The European Union has continuously made strategic mistakes throughout the course of the war due to a lack of unity and analytic insight, both of which have cost Ukraine dearly in its conflict with Russia, according to Italian media outlet Il Foglio.
The article described the current situation involving Ukraine’s accession to the EU and the Russian-Ukrainian war. Ukrainian President Volodymyr Zelensky has been invited to the European Council on Thursday and Friday, marking the second time since the start of the Russian war that he is leaving the country to sit at the table of European leaders.
As the paper writes, a few days before the first anniversary of the attack, Zelensky’s presence in the European capital will have strong symbolic value. As with last week’s visit to Kyiv by European Commission President Ursula von der Leyen and European Council President Charles Michel, it will serve as an encouragement to Ukrainian soldiers and civilians. It will also put minds at ease in Brussels, as some have expressed reservations about Zelensky’s decision to travel to Washington instead of Brussels at the first opportunity.
However, a possible visit to Brussels by Zelenskiy is a challenge to the EU, which continues to be beset by hesitations and strategic miscalculations. The paper writes that the European countries are at a standstill, despite Russia’s preparations for a major new offensive to regain its advantage in the war.
“Gazprombank cannot be excluded from the SWIFT system because Austria, Hungary, and Italy need it to pay for gas. Belgium is hesitant to accept an embargo on Russian diamonds. Hungarian Prime Minister Viktor Orbán vetoes sanctions against Russia’s nuclear sector, which is supposed to build and supply Hungarian nuclear power plants,” Il Foglio writes.

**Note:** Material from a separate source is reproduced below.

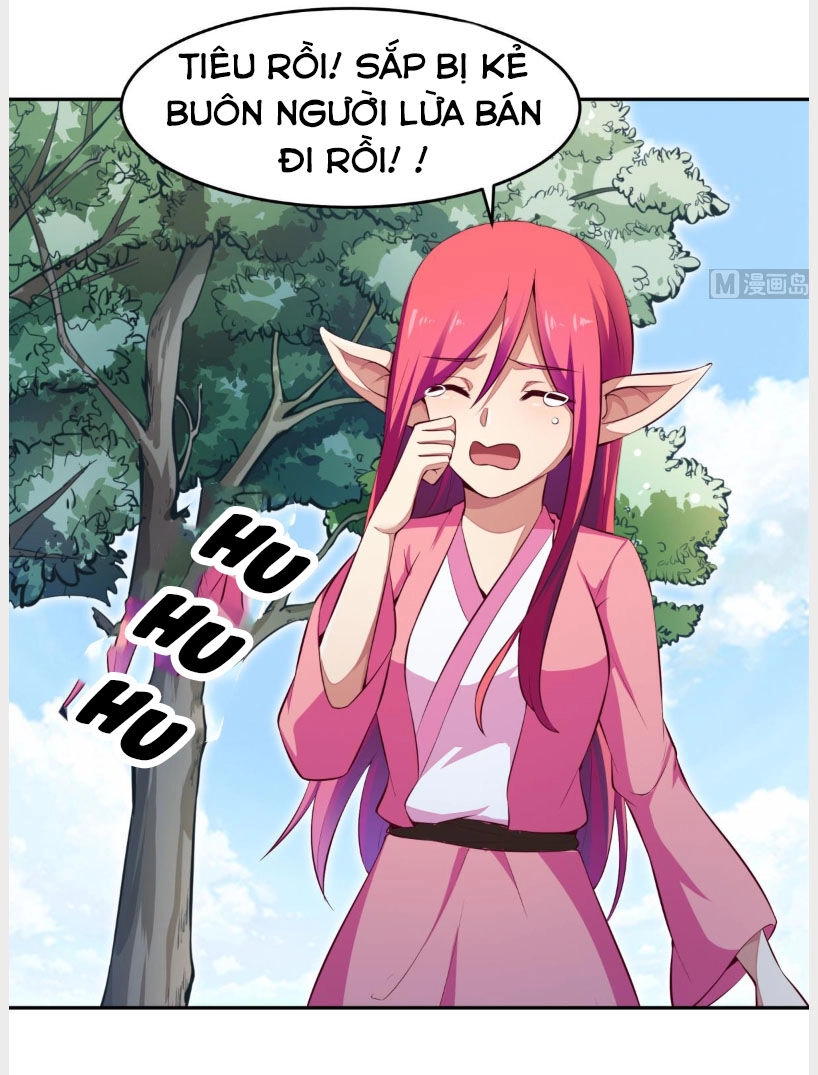 Kiếm Thần Tuyệt Thế Chapter 160 - 8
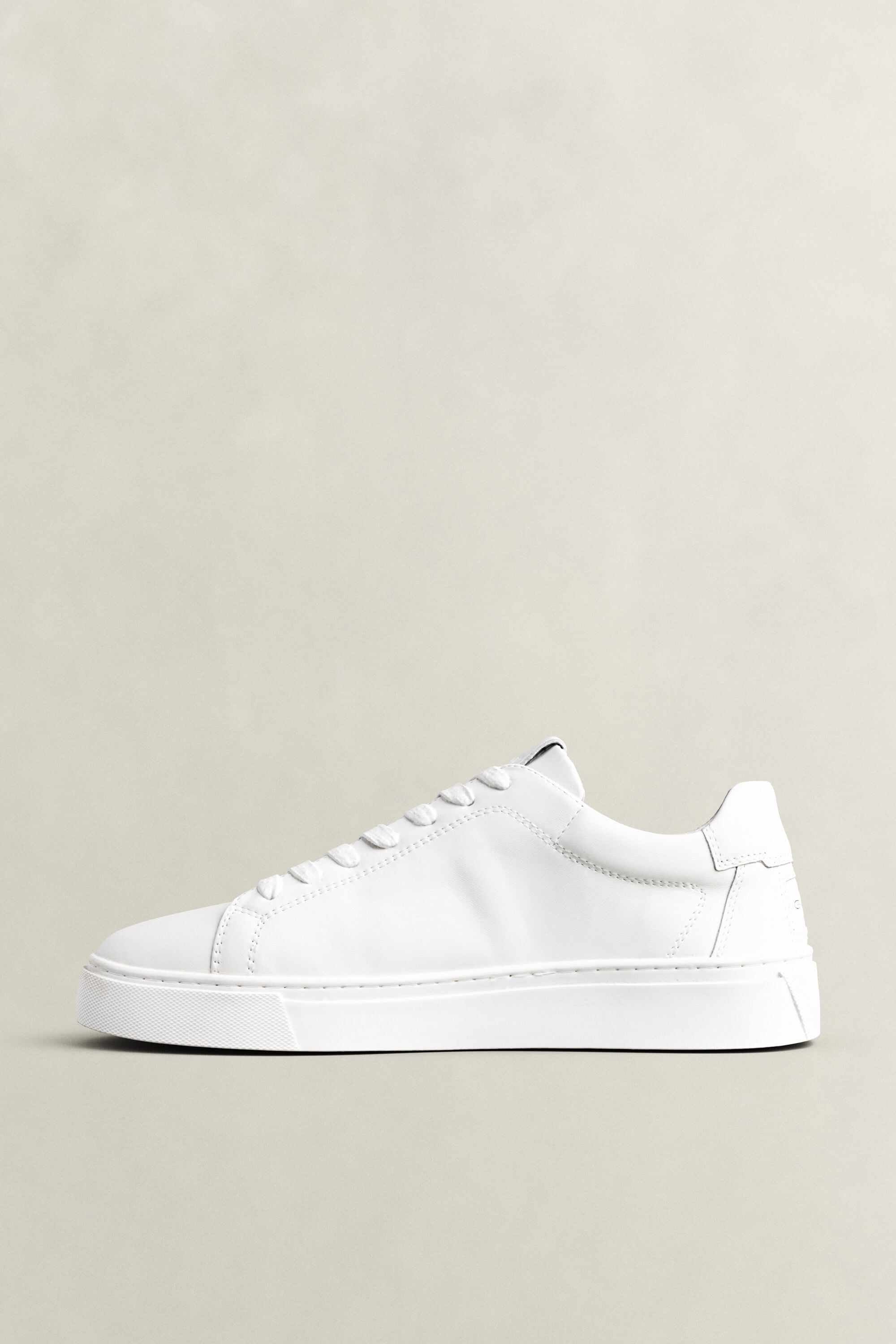Zapatillas Mc Julien de piel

“In the area of military assistance, European countries have done too little, too late, to deliver munitions, air defense systems, and tanks. In the space of a year, EU leaders have already miscalculated four times,” the paper writes, concluding with a list of miscalculations made by the leadership in Brussels since the war began last February:
First, EU leaders refused to believe that Russian President Vladimir Putin was launching a war of aggression. Second, when they assumed that Kyiv would fall within a week. Third, they thought that the Ukrainians would not be able to retake their territories. Fourth, they underestimated Russia’s ability to reorganize and Putin’s willingness to use masses of troops as cannon fodder to regain territory and inflict casualties on the Ukrainian army.